As a first step, it is necessary to load the necessary packages and set the working directory.
setwd('./Statistical_Inference')
library(ggplot2) #Plotting system
library(cowplot) #Panel for ggplot2
First we load the data and show the structure and summary of the variables.
data("ToothGrowth")
str(ToothGrowth)
## 'data.frame': 60 obs. of 3 variables:
## $ len : num 4.2 11.5 7.3 5.8 6.4 10 11.2 11.2 5.2 7 ...
## $ supp: Factor w/ 2 levels "OJ","VC": 2 2 2 2 2 2 2 2 2 2 ...
## $ dose: num 0.5 0.5 0.5 0.5 0.5 0.5 0.5 0.5 0.5 0.5 ...
summary(ToothGrowth)
## len supp dose
## Min. : 4.20 OJ:30 Min. :0.500
## 1st Qu.:13.07 VC:30 1st Qu.:0.500
## Median :19.25 Median :1.000
## Mean :18.81 Mean :1.167
## 3rd Qu.:25.27 3rd Qu.:2.000
## Max. :33.90 Max. :2.000
Then, we build some visualizations to see the distribution of the variables and the relationship between them.
main <-ggplot(ToothGrowth, aes(x = factor(dose), y = len)) +
geom_boxplot(aes(fill = supp)) +
labs(x = 'Dose', y = 'Length', fill = 'Supplement') +
theme_light() + theme(legend.position = 'none')
dist <- ggplot(ToothGrowth, aes(x = len, fill = supp)) +
geom_histogram(binwidth = 1) + geom_density(aes(y = ..count.., fill = NULL)) +
facet_grid(vars(dose), vars(supp)) +
labs(x = 'Length', y = 'Frequency', fill = 'Supplement') +
theme_light()
plot_grid(main, dist)
In the first analysis I will compare the mean of the tooth length according to the supplement each study subject took. \[H_{0}: \mu_{OJ} = \mu_{VC}\] \[H_{a}: \mu_{OJ} \neq \mu_{VC}\]

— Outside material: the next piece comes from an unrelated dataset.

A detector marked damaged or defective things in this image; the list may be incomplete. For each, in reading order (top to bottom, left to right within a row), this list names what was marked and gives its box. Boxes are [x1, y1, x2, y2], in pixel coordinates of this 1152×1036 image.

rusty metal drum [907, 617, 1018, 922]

I want to check if there is a significant difference between observation with both types of supplements. For this reason, I need a t test for independant samples.
t_test <- t.test(len ~ supp, data = ToothGrowth)

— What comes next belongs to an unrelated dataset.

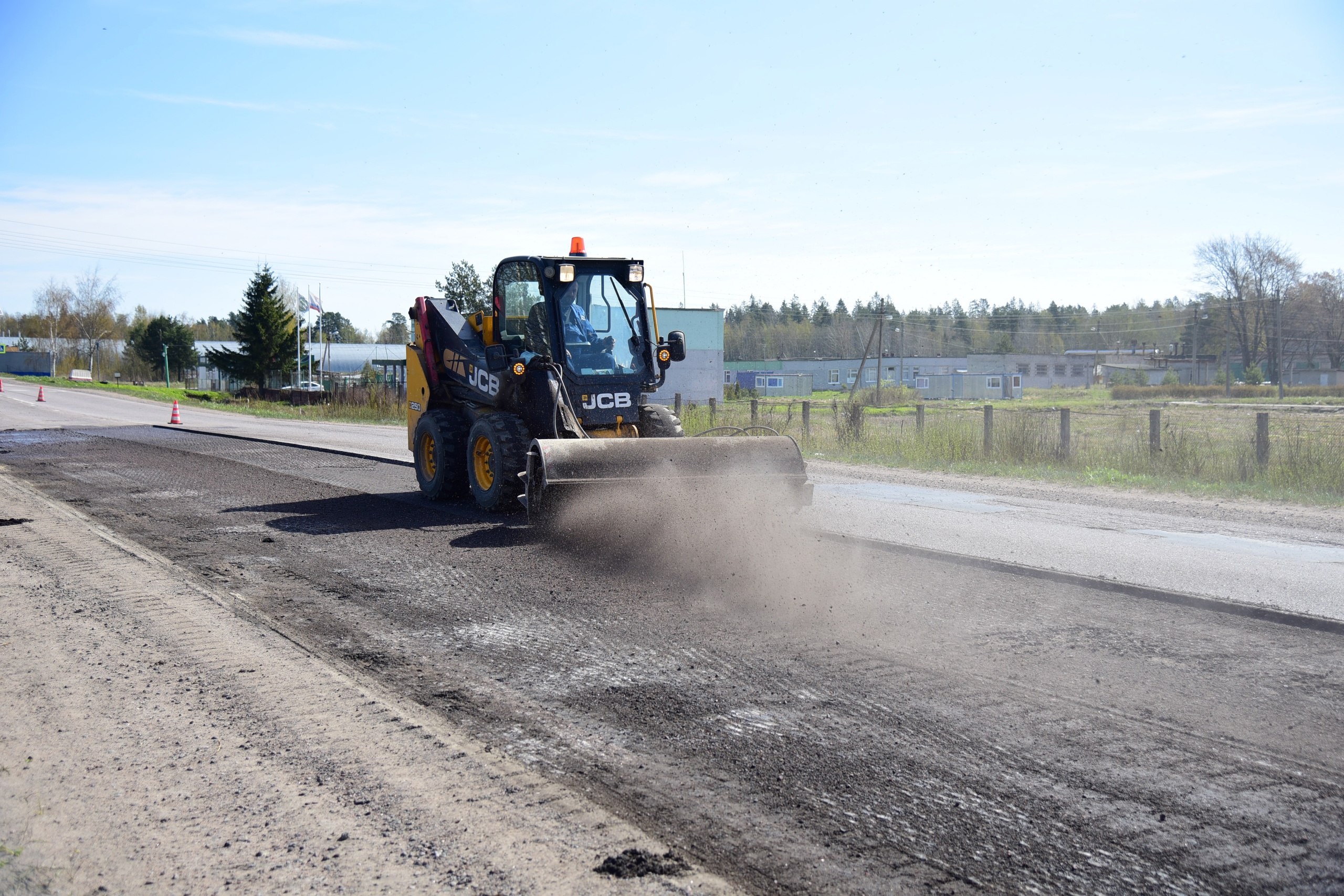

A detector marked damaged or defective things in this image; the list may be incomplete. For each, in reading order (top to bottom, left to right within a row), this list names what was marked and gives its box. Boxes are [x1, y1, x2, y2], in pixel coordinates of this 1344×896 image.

damaged road surface [3, 428, 1344, 894]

According to this test, with a p-value of 0.0606345 an a confidence interval of [-0.1710156, 7.5710156]. According to these results, it is not possible to reject the null hypothesis, therefore, the supplement does not have an effect on tooth growth. In addition, the confidenci interval contains 0, which adds to the conclusion of not rejecting the null hypothesis.
For this test, it is necessary to make subsets for each dose. For any case these would be the hypothesis: \[H_{0}: \mu_{a} = \mu_{b}\] \[H_{a}: \mu_{a} \neq \mu_{b},\] for \(a\) and \(b\) being two different types of doses in {\(0.5, 1, 2\)}.

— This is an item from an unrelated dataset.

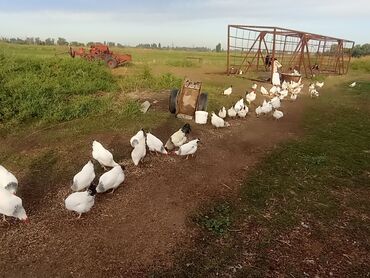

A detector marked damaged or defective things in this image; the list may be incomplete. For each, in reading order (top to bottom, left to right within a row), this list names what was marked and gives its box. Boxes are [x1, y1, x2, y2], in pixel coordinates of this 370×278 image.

rusty metal frame [227, 24, 354, 78]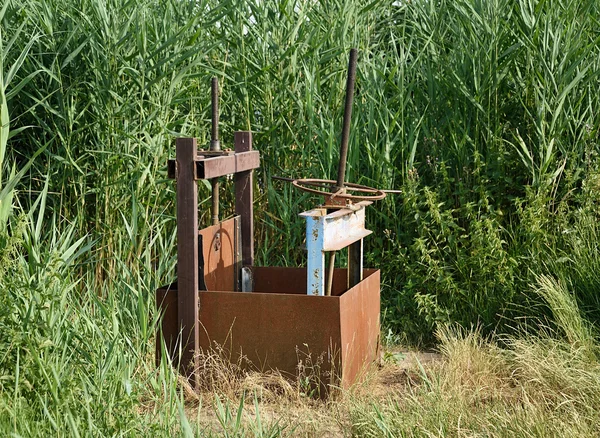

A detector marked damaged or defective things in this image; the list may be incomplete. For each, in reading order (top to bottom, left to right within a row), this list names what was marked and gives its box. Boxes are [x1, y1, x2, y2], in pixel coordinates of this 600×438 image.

rusty metal sluice [157, 50, 384, 394]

For this analysis, I will create a function to subset the dataset, removing one of the doses and comparing the mean of the other two in a t test.
t_test_dose <- function(dose1, dose2) {
df <- subset(ToothGrowth, dose %in% c(dose1, dose2))
return(t.test(len ~ dose, data = df))
}
dose0.5_vs_1 <- t_test_dose(0.5, 1)
dose1_vs_2 <- t_test_dose(1, 2)
dose0.5_vs_2 <- t_test_dose(0.5, 2)
The following table show the p-value and the confidence intervals for each of the tests:
| Comparison | p-value | Confidence Interval |
|---|---|---|
| Dose 0.5 vs Dose 1 | 0.0000001 | [-11.9837813, -6.2762187] |
| Dose 1 vs Dose 2 | 0.0000191 | [-8.9964805, -3.7335195] |
| Dose 0.5 vs Dose 2 | 0 | [-18.1561665, -12.8338335] |
According to these results, for every type of doses, it is possible to reject the null hypothesis. In all three cases, the confidence interval do not contain zero, adding evidence to the statistical conclusion. Given these results, the dose does have an effect on tooth length.
It is worth noting that in order to do a t test, samples must be random, and must be representative of the population, and the variances of the two groups to be compared must be equal.